Package 'spiderorchid'

Title: Download and wrangle publication data for Monash EBS academic staff
Description: Provide journal rankings from Monash Business School, ABDC, CORE, Scimago and ERA 2010. Fetch publication details from ORCID, Google Scholar, PURE and from DOIs. Find CRAN packages and download statistics for specified authors.
Authors: Rob Hyndman [aut, cre], Michael Lydeamore [aut], Sherry Tee [aut], Parnika Khattri [aut]
Maintainer: Rob Hyndman <[email protected]>
License: MIT + file LICENSE
Version: 0.1.0
Built: 2026-05-07 23:04:26 UTC
Source: https://github.com/numbats/spiderorchid

Help Index


ABDC Journal Quality List

Description

This is a dataset that contains the quality list of rankings of the Australian Business Deans Council (ABDC) from 2025. You can read more about this list here.

Usage

data(abdc)

Format

An object of class tbl_df (inherits from tbl, data.frame) with 2651 rows and 7 columns.

Value

A data frame with 2651 observations on the following 7 variables:

title:

Title of the journal

publisher:

Publishing house

issn:

International Standard Serial Number

issn_online:

ISSN Online - as ISSN, but for the online, rather than print version

year_inception:

Year the journal started

field_of_research:

Field of Research Code as provided by the Australian Bureau of Statistics

rank:

In order of best to lowest rank: A*, A, B, or C

Source

https://abdc.edu.au/abdc-journal-quality-list/

Examples

library(dplyr)
abdc |>
  filter(field_of_research == "4905") |>
  arrange(rank) |>
  select(title, rank)

CORE (Computing Research and Education) lists of conference and journal rankings

Description

Two datasets are provided: core and core_journals, which contains lists of conference and journal rankings respectively, according to the CORE executive committee. The details of the CORE organisation, and its procedure for ranking are provided below.

Usage

core

core_journals

Format

An object of class tbl_df (inherits from tbl, data.frame) with 982 rows and 2 columns.

An object of class tbl_df (inherits from tbl, data.frame) with 639 rows and 4 columns.

Details

CORE is an association of university departments of computer science in Australia and New Zealand. Prior to 2004 it was known as the Computer Science Association, CSA.

The CORE Conference Ranking provides assessments of major conferences in the computing disciplines. The rankings are managed by the CORE Executive Committee, with periodic rounds for submission of requests for addition or reranking of conferences. Decisions are made by academic committees based on objective data requested as part of the submission process. Conference rankings are determined by a mix of indicators, including citation rates, paper submission and acceptance rates, and the visibility and research track record of the key people hosting the conference and managing its technical program.
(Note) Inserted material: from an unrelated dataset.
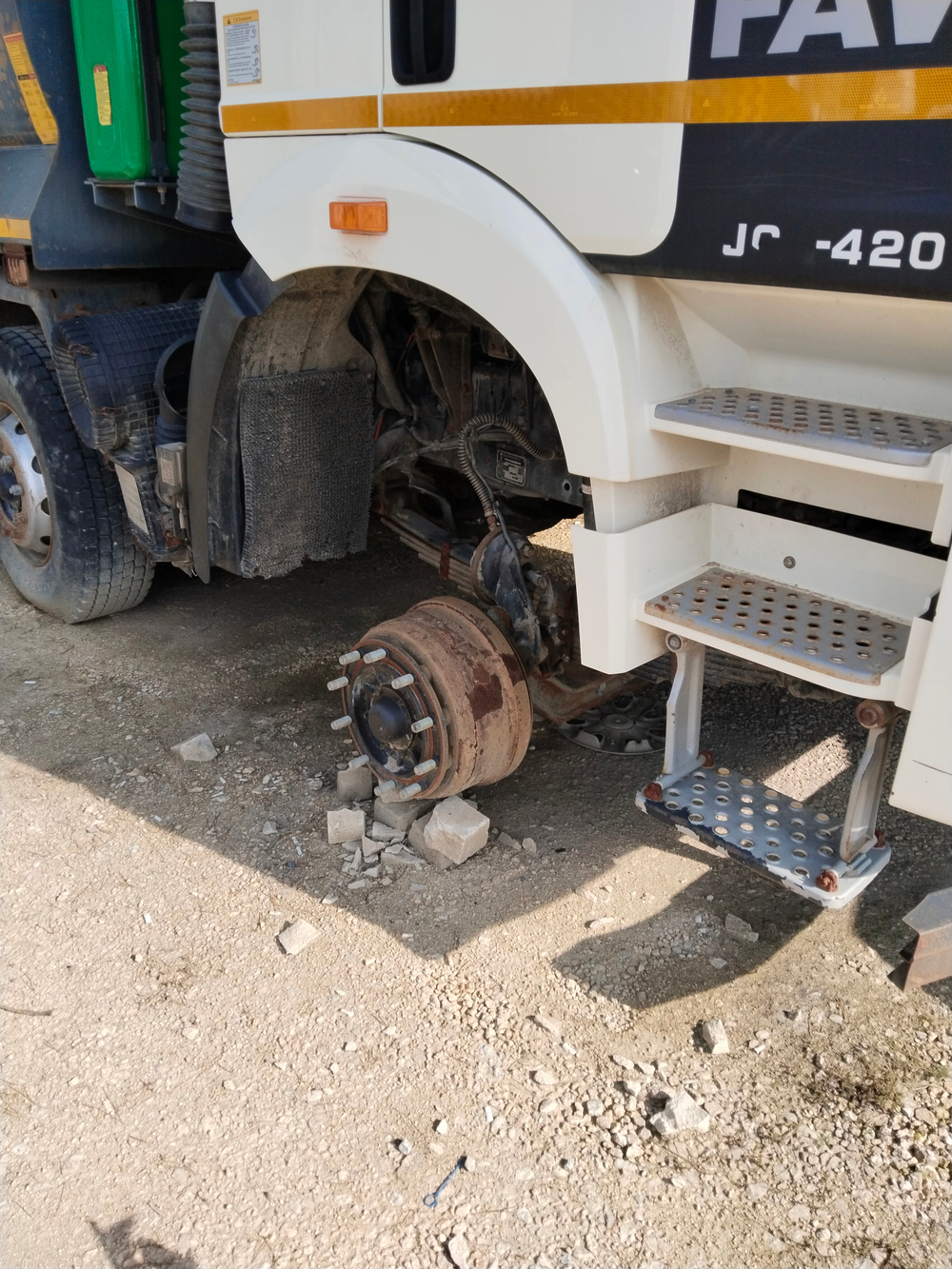 FAW J6 8x4 Самосвал СА3310Р66K24T4E5 (Дизельный, 11,1 л, 420 л.с., МТ)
A more detailed statement categorizing the ranks A*, A, B, and C can be found here.

Value

core is a data frame with 982 observations and two variables:

⁠title:⁠

Title of the conference

⁠rank:⁠

Conferences are assigned to one of the following categories:

  • A*: flagship conference, a leading venue in a discipline area

  • A: excellent conference, and highly respected in a discipline area

  • B: good conference, and well regarded in a discipline area

  • C: other ranked conference venues that meet minimum standards

core_journals is a data frame with 639 observations and 4 variables:

⁠title:⁠

Title of the journal

field_of_research:

Field of Research Code as provided by the Australian Bureau of Statistics

issn:

International Standard Serial Number

rank:

In order of best to lowest rank: A*, A, B, or C

Source

https://www.core.edu.au/conference-portal

Examples

core
core_journals

Monash EBS PURE publications data

Description

This dataset contains publications since 2018, downloaded from PURE on 16 January 2025. Additional data can be updated using the fetch_pure() function.

Usage

ebs_pure

Format

A data frame with 7 variables:

pure_id

character. The unique identifier for the publication in PURE.

year

integer. The year of publication.

authors

character. The authors of the publication.

title

character. The title of the publication.

journal

character. The journal where the publication appeared.

subtype

character. The subtype of the publication.

bib

character. A bibliographic citation in the Harvard format.

doi

character. The DOI of the publication where available.

Source

https://research.monash.edu/en/organisations/econometrics-business-statistics/publications/


ERA2010 Journal List

Description

This is a dataset that contains the list of journal rankings from the ARC Excellence in Research for Australia 2010 round.

Usage

data(era2010)

Format

An object of class tbl_df (inherits from tbl, data.frame) with 20712 rows and 5 columns.

Value

A data frame with 20712 rows and the following 5 variables:

eraid:

ERA ID of the journal

title:

Title of the journal

issn:

International Standard Serial Number

field_of_research:

Field of Research Code as provided by the Australian Bureau of Statistics at the time. Note that the codes have since changed.

rank:

In order of best to lowest rank: A*, A, B, or C

Source

https://www.righttoknow.org.au/request/journal_list_relating_to_the_201

Examples

library(dplyr)
era2010 |>
  filter(field_of_research == "0104") |>
  arrange(rank)

Fetch packages from CRAN

Description

This function searches for CRAN packages by author names. Note that some authors may use different name variations on CRAN (e.g., "Di Cook" and "Dianne Cook"), so it may be necessary to call the function with several variations.

Usage

fetch_cran(
  author_names = NULL,
  package_names = NULL,
  downloads_from = "2000-01-01",
  downloads_to = Sys.Date()
)

Arguments

author_names

A character vector containing the authors' names in the form used on CRAN.

package_names

A character vector of package names. Ignored if author_names is provided.

downloads_from

A date or character string in the format "YYYY-MM-DD" specifying the date from which to start counting downloads. Default is "2000-01-01".

downloads_to

A date or character string in the format "YYYY-MM-DD" specifying the last date for counting downloads. Default is current date.

Value

A data frame returning meta data about a package including total downloads between downloads_from and downloads_to.

Examples

## Not run: 
cran2024 <- fetch_cran(
   author_names = c("Michael Lydeamore", "Di Cook", "Dianne Cook", "Hyndman"),
   downloads_from = "2024-01-01",
   downloads_to = "2024-12-31"
)

## End(Not run)

Fetch article information given a DOI

Description

Retrieves publications for a given list of DOIs using the DOI API and formats them into a structured tibble.

Usage

fetch_doi(doi)

Arguments

doi

A character vector of DOIs.

Value

A tibble containing the article information.

Examples

fetch_doi("10.1016/j.ijforecast.2023.10.010")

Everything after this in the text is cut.